**GIVEN INFORMATION**
^^^^

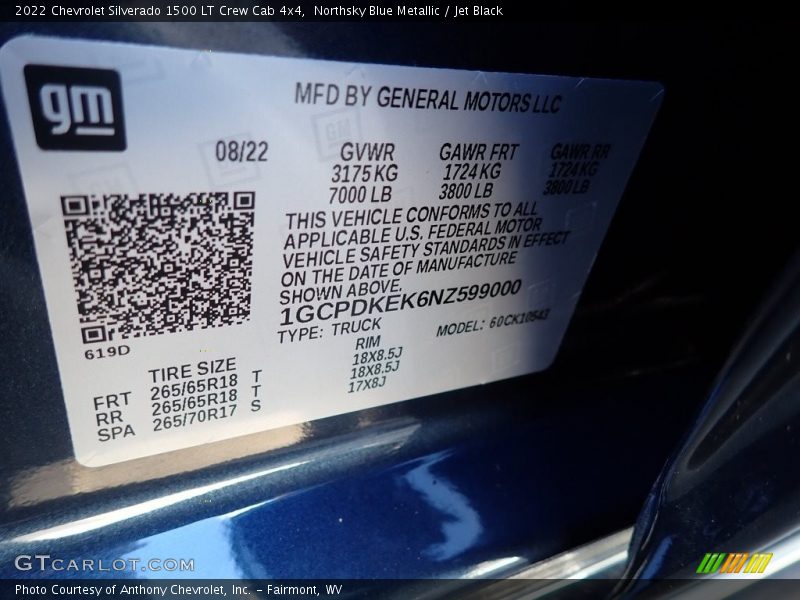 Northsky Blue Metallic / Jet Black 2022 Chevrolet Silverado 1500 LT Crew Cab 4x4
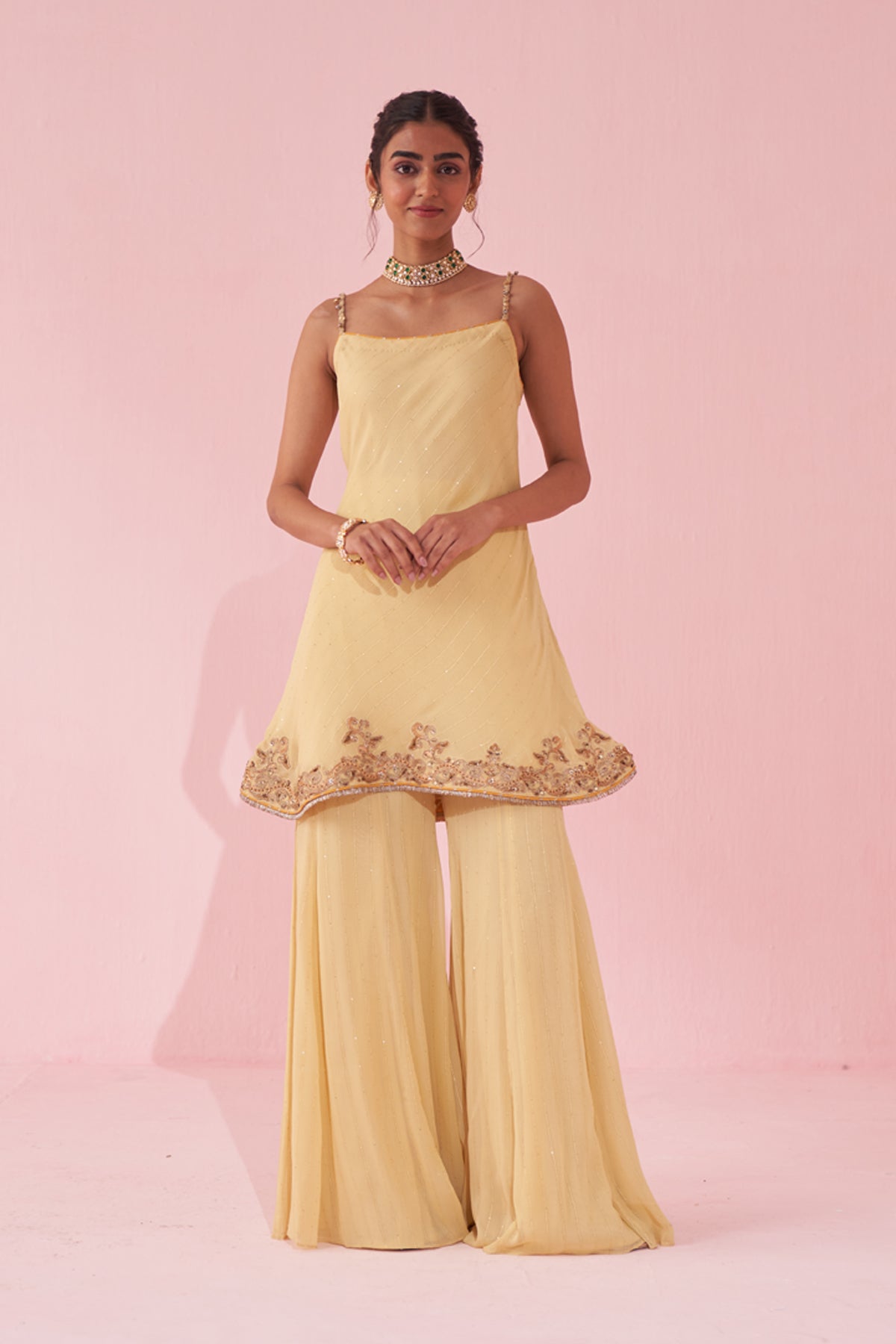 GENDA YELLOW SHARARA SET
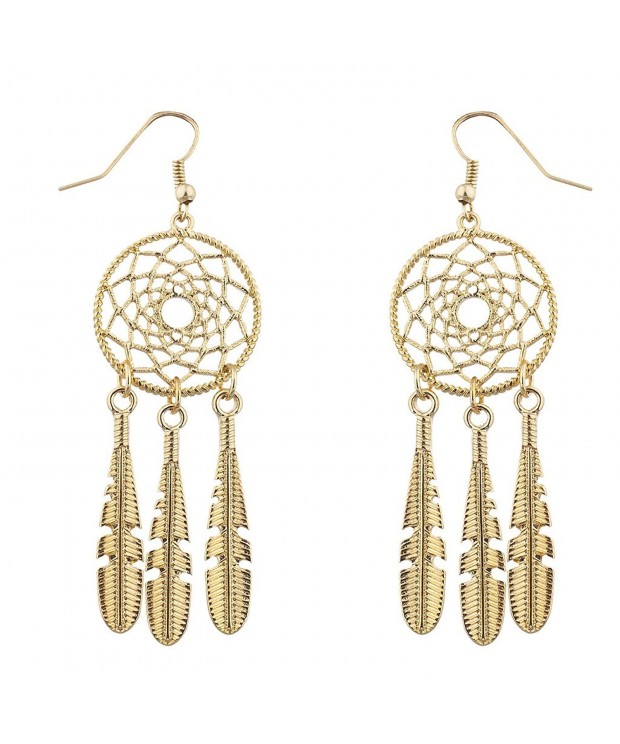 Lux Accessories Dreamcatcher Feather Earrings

^^^^

**EXERCISE AIM**
Repeat the data exactly, dropping every picture it holds.

**ANSWER TO THIS TASK**
 Northsky Blue Metallic / Jet Black 2022 Chevrolet Silverado 1500 LT Crew Cab 4x4
 GENDA YELLOW SHARARA SET
 Lux Accessories Dreamcatcher Feather Earrings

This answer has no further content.